Fortunately, it has already been patched with no apparent damage done, but below, the details of the flaw are outlined because this may not be the last time we see a threat like it.
The attack made use of steganography techniques, which are notoriously difficult to detect and defend against. Basically, if a user clicked on a poisoned sent image, it would run malware designed to first take control of the user’s account (either Whatsapp or Telegram, or both), and from there, ultimately wrest full control of the machine running it.
The scope was limited to impacting the PC versions of those apps. Mobile users were unaffected. The worst part, though, was the fact that the exploit used both services’ encryption against them.
The services provide end to end message encryption, but the flaw in their design was the fact that the messages weren’t verified prior to encryption. They were essentially sending messages “blind” with no knowledge that they were sending something dangerous to the recipient, and thus, no way to warn the device on the other end of the transmission not to run the malicious code.

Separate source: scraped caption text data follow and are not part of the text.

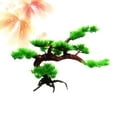 thumbnail image 2 of OUNONA Small Aquarium Bonsai Ornament Artificial Pine Tree Plant Decoration 2pcs Fish Tank Accessories, 2 of 3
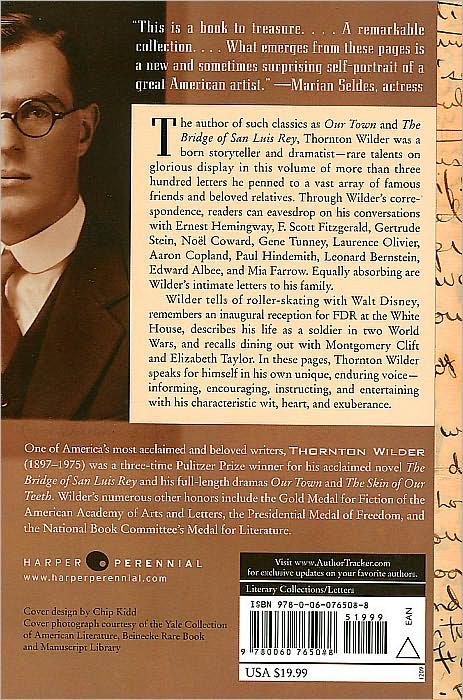 The Selected Letters of Thornton Wilder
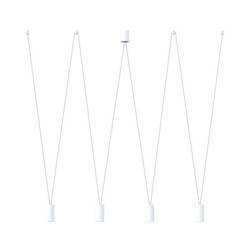 Lampa wisząca nad wyspę MORE EYE IV regulowana 4x GU10 10W | biały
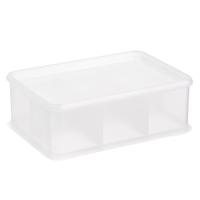 X-Small Shallow Shimo Storage Bin with Lid Translucent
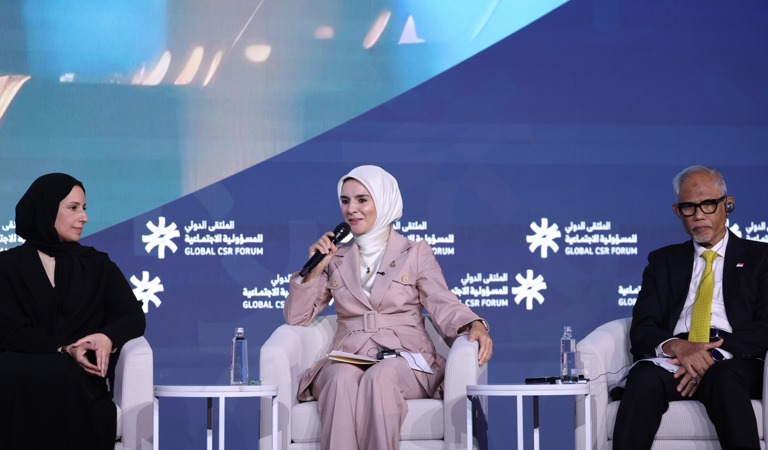 Bakanımız Mahinur Özdemir Göktaş Riyad’da Uluslararası Sosyal Sorumluluk Forumu’nda konuştu:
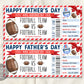 Father&#39;s Day Football Game Gift Ticket Editable Template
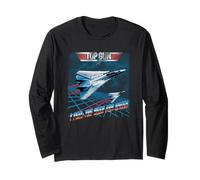 Top Gun Retro Chrome The Need for Speed Action Movie Manche Longue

The patch that was put in place included a verification and validation step, nicely solving the problem, but this incident underscores the problem inherent with increasingly complex security schemes.
It is a paradox.
In our quest for greater security, we devise systems of increasing complexity. In doing so, the system’s own inherent complexity becomes a security hole which can be more easily exploited.
So far, there’s no good fix for that. No solution that has presented itself that has proved to be hack-proof or unbreakable.
Solving that problem is going to be one of the greatest challenges of the era.